Why carbon capture might be an illusion, see:

"The Carbon Capture (NETs) Big Lie, Carbon Capture Reduction Calculations Now Being Used to Set Global Fossil Fuel Reduction Targets Will Save Us From Extinction --- Just in Time" - JobOneForHumanity
"New carbon dioxide capture technology is not the magic bullet against climate change" - - April 18, 2019
"Study Casts Doubt on Carbon Capture" - - Taylor Kubota - October 25, 2019

Artificial Carbon Capture Technologies

Geologic Sequestration of Carbon Dioxide in Class VI Wells

Per the EPA website "Class VI - Wells used for Geologic Sequestration (GS) of Carbon Dioxide", "Geologic Sequestration is the process of injecting carbon dioxide, captured from an industrial (e.g., steel and cement production) or energy-related source (e.g., a power plant or natural gas processing facility), into deep subsurface rock formations for long-term storage.

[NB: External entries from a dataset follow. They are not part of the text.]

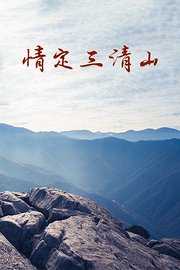 情定三清山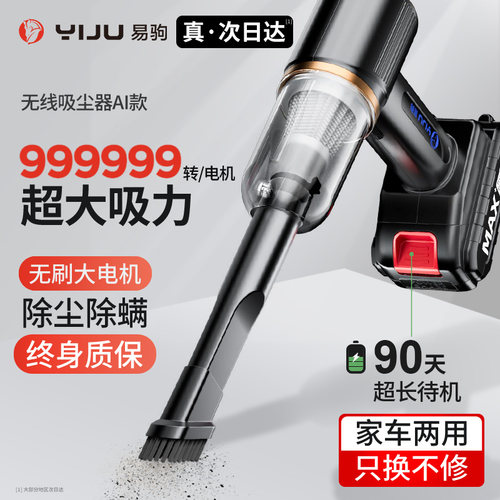 【顺丰包邮】四合一无刷吸尘器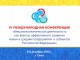 Омская область представит экспортный потенциал регионов России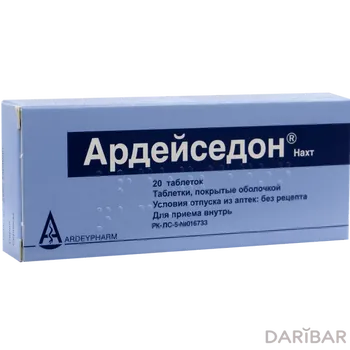 Ардейседон нахт таблетки № 20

This is part of a process frequently referred to as “carbon capture and storage” or CCS.

"Underground injection of CO2 for purposes such as enhanced oil recovery (EOR) and enhanced gas recovery (EGR) is a long-standing practice. CO2 injection specifically for GS involves different technical issues and potentially much larger volumes of CO2 and larger scale projects than in the past.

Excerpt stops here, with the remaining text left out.